Problem description
The entries are to be reproduced verbatim, and their pictures left out.
[Start of Attachment]
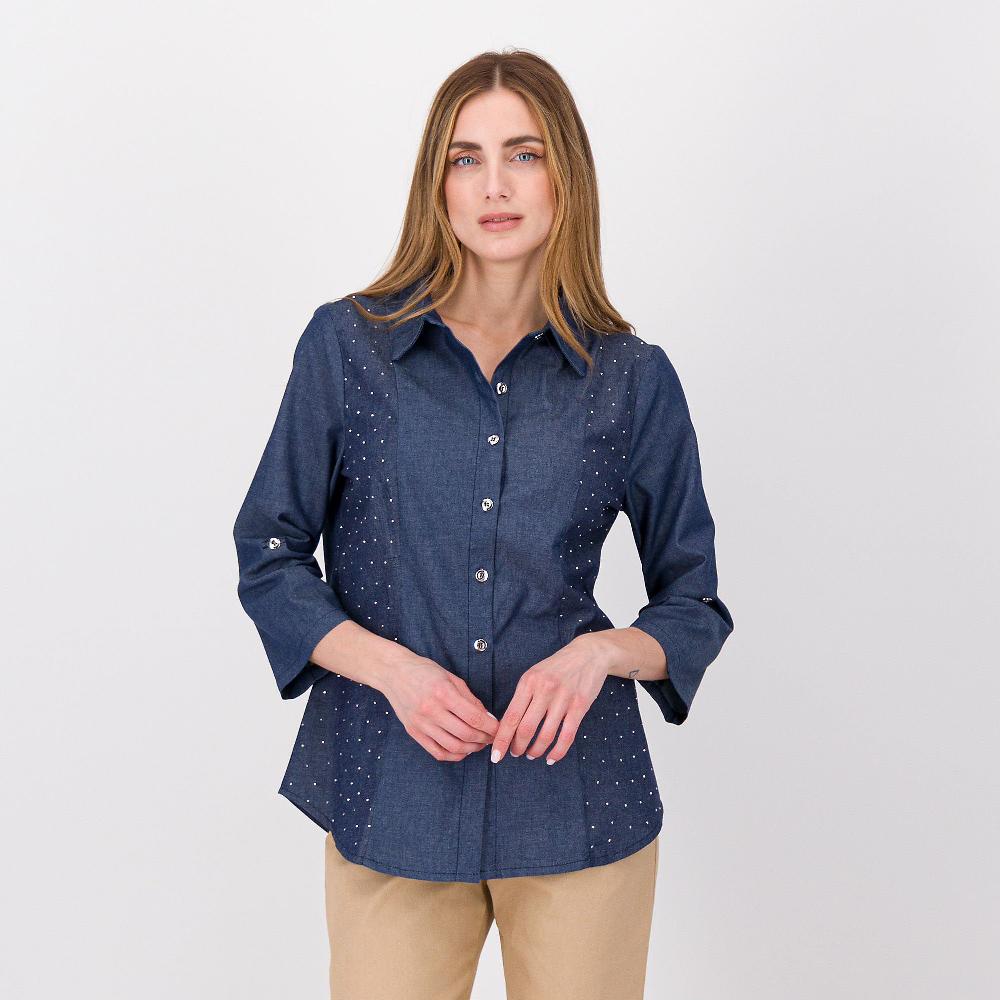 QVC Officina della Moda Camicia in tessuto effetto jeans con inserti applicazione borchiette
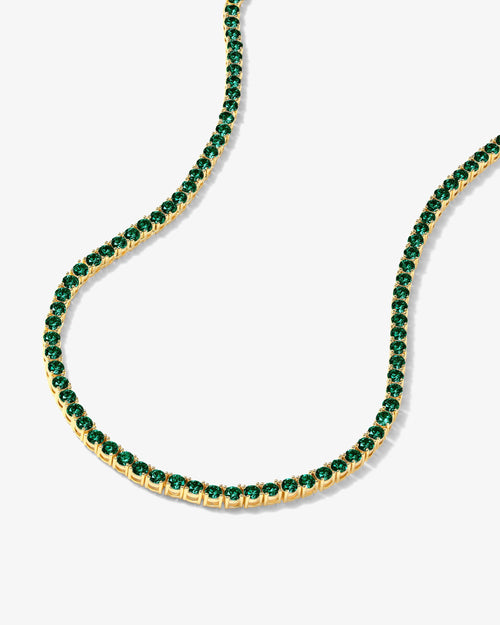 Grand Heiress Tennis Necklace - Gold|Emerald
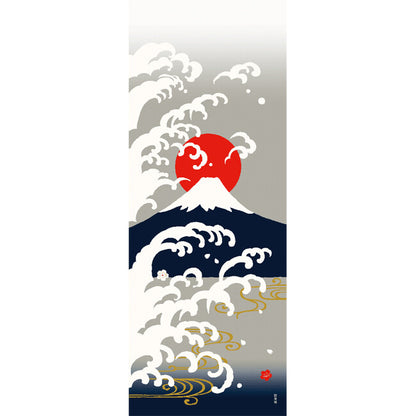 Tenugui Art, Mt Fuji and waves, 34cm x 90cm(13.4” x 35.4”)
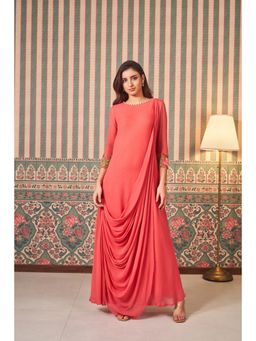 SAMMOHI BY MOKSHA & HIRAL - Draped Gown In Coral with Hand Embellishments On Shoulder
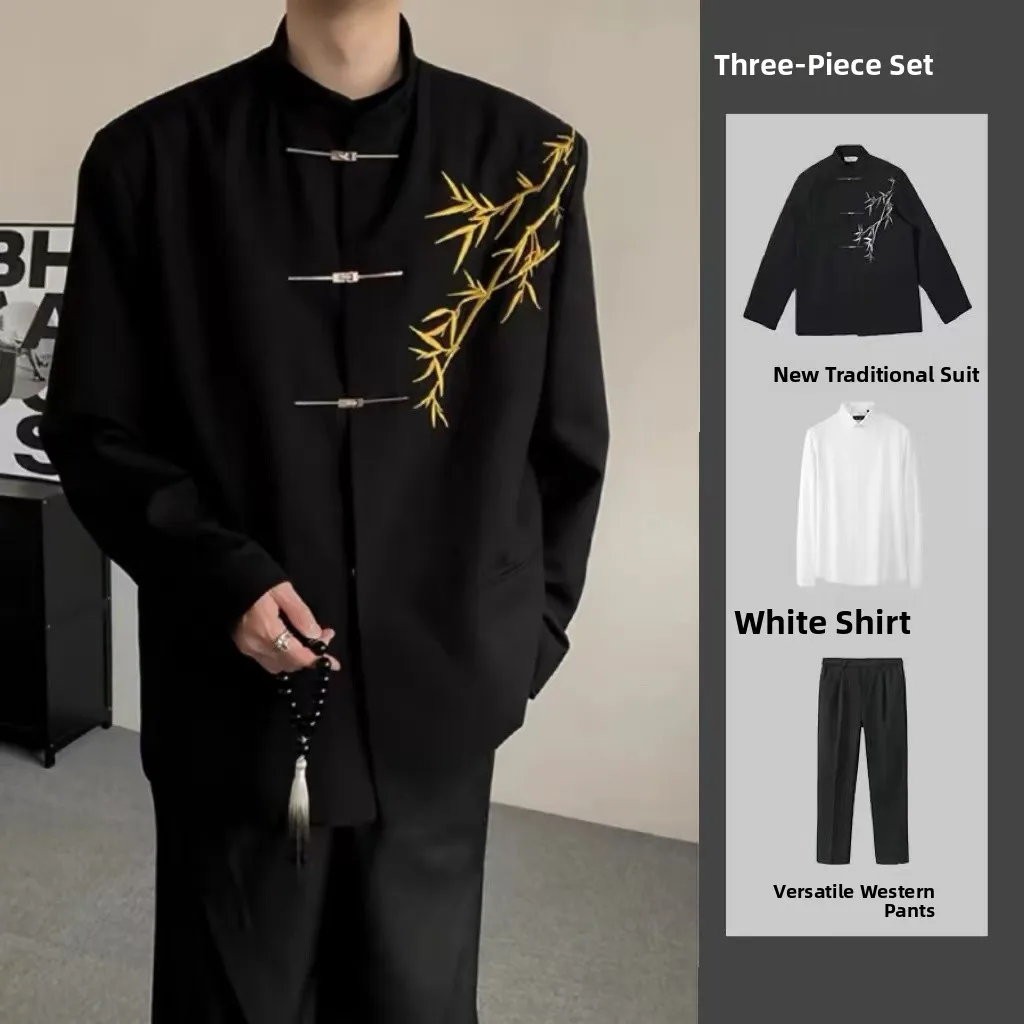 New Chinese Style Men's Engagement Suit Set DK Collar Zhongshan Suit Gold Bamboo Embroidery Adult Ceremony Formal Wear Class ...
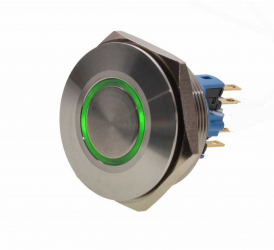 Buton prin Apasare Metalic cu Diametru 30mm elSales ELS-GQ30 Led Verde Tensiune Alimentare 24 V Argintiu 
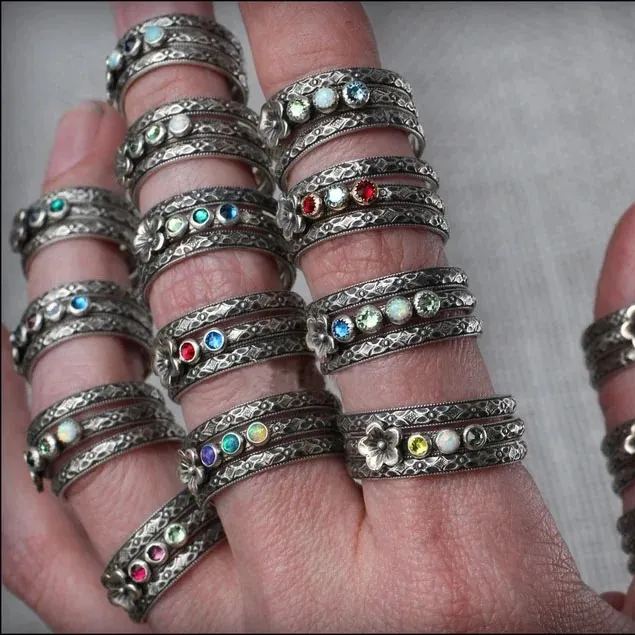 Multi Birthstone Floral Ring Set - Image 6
[End of Attachment]
Response area
 QVC Officina della Moda Camicia in tessuto effetto jeans con inserti applicazione borchiette
 Grand Heiress Tennis Necklace - Gold|Emerald
 Tenugui Art, Mt Fuji and waves, 34cm x 90cm(13.4” x 35.4”)
 SAMMOHI BY MOKSHA & HIRAL - Draped Gown In Coral with Hand Embellishments On Shoulder
 New Chinese Style Men's Engagement Suit Set DK Collar Zhongshan Suit Gold Bamboo Embroidery Adult Ceremony Formal Wear Class ...
 Buton prin Apasare Metalic cu Diametru 30mm elSales ELS-GQ30 Led Verde Tensiune Alimentare 24 V Argintiu 
 Multi Birthstone Floral Ring Set - Image 6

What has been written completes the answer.